之后激发分子数(n1)已降至1/e的系数(约37%),称为荧光寿命(τ佛罗里达州):
n1(t) = n1(0) e(- t / τ佛罗里达州)
有机染料的衰减行为可以用来识别它。然而,荧光寿命(荧光衰减时间)不是一个固定的量,而是受染料所处环境即溶剂和温度的影响。

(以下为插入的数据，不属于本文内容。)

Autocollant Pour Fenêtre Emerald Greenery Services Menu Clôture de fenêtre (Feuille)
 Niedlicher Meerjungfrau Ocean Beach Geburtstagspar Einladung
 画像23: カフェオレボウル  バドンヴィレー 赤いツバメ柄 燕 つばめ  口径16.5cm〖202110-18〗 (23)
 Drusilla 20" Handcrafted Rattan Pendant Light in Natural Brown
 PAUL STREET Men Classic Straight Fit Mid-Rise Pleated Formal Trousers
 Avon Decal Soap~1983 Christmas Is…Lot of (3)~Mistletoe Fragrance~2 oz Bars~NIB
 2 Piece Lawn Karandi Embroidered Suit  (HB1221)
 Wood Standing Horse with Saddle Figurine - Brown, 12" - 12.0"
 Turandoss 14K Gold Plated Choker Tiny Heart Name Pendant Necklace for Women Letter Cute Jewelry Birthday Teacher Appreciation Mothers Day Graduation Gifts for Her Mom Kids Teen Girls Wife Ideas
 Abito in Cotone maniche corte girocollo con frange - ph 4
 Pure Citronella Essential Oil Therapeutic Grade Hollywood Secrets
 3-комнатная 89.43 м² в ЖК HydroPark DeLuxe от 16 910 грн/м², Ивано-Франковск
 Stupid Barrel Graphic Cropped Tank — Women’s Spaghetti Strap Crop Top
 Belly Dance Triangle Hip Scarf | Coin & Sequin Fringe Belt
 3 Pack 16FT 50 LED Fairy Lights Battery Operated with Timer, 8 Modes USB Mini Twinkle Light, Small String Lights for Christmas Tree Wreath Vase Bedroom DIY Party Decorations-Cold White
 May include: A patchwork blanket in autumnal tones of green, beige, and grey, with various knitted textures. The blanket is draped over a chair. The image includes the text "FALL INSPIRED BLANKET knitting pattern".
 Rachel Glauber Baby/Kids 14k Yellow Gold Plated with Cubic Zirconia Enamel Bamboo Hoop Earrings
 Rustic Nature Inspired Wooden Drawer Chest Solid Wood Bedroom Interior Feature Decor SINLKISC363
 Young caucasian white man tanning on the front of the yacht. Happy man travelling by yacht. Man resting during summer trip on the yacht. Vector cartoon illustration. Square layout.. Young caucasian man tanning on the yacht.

ATTO染料 的荧光寿命通常在纳秒范围内(10 -9秒)。对于我们的目录,使用下述“时间相关单光子计数"方法确定 22 °C 水溶液(PBS,pH 7.4)中羧基衍生物的值。为此使用了来自HORIBA Jobin Yvon的使用寿命测量设备TemPro 。
时间相关单光子计数 (TCSPC)
激发后荧光光子的发射是一个统计过程。因此,单个分子保持激发态的持续时间也是一个统计量。然而,如果我们观察许多相同分子的集合,我们会得到一个定义明确的衰变统计量。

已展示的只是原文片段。